– В Советском Союзе марксизм превратили в религию, – слышен спокойный голос профессора от огня. – Поклонение новым святым. Мощи вождя на главной площади страны. А ведь это наука. А религию выкинули. Но это разные вещи. И они не могут подменять друг друга. Демократия, конечно, не самая лучшая форма правления, но…
«Что привело их сюда? – продолжает думать о своем Александр. – Ведь люди совершенно разные. Из разных слоев общества, разного образования, воспитания. Наверное, это все-таки общее стремление к свободе. Эх, свобода! Свобода! Что это значит для нас? Многие даже и не понимают. Но стремятся. Инстинктивно! Ведь что это такое? Это возможность не только митинговать и говорить то, что думаешь. Но и жить, как хочешь. Делать, что хочешь.
Хочешь – хлеб пеки, как вот эти кооператоры. Хочешь – вообще ничего не делай! Просто живи, как нравится. А не так, как приказывают тебе».
Дубравин придвигается поближе к огоньку. Разговор у костра потихоньку угасает. Леха куда-то исчезает.
И так, сидя на перевернутой мусорной урне, Сашка кемарит, дремлет. Сквозь сон он чувствует, как приходят и уходят люди, слышит какие-то невнятные голоса:
– Вы смотрите, следите. Какие они будут эти альфовцы? Это, скорее всего, молодые спортивные ребята с большими спортивными сумками…

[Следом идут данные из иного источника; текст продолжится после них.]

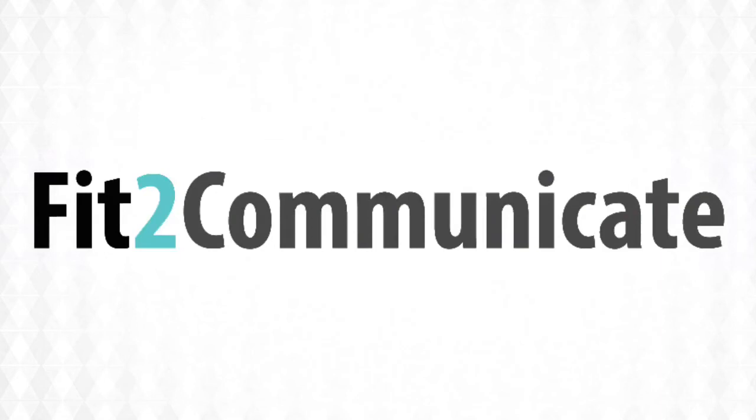Ultimately, we're all a lot happier as a result. For more information, contact us at hello.fit2communicate.com.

Он проваливается в дремоту. И почему-то снится ему родное Жемчужное. Все в цвету. Вскипели белым-белым сады. И вишни, и яблони, и сирень. Боже, как пахнет у них сирень…
Где-то в темноте вспыхивает разговор. Дубравин резко спросонья вскидывается на месте.
– А? Что? Где?
Красноносый студент быстро убегает в темноту. Возвращается через пару минут. И, явно гордясь своей осведомленностью, сообщает народу, без толку вглядывавшемуся в темноту:
– Это человек из команды Ельцина подходил.
– Кто-кто? – спрашивает его засланный казачок.
– Вроде как его телохранитель!
– А! О! – как-то по-простому мычит дамочка в платочке. – Значит, и сам где-то здесь.
И опять тишина. Все разбредаются по своим местам. Где-то у соседнего костра звенит стеклотара. Похоже, там, по старинному русскому обычаю, отмечают. Неважно что. Главное – отмечать.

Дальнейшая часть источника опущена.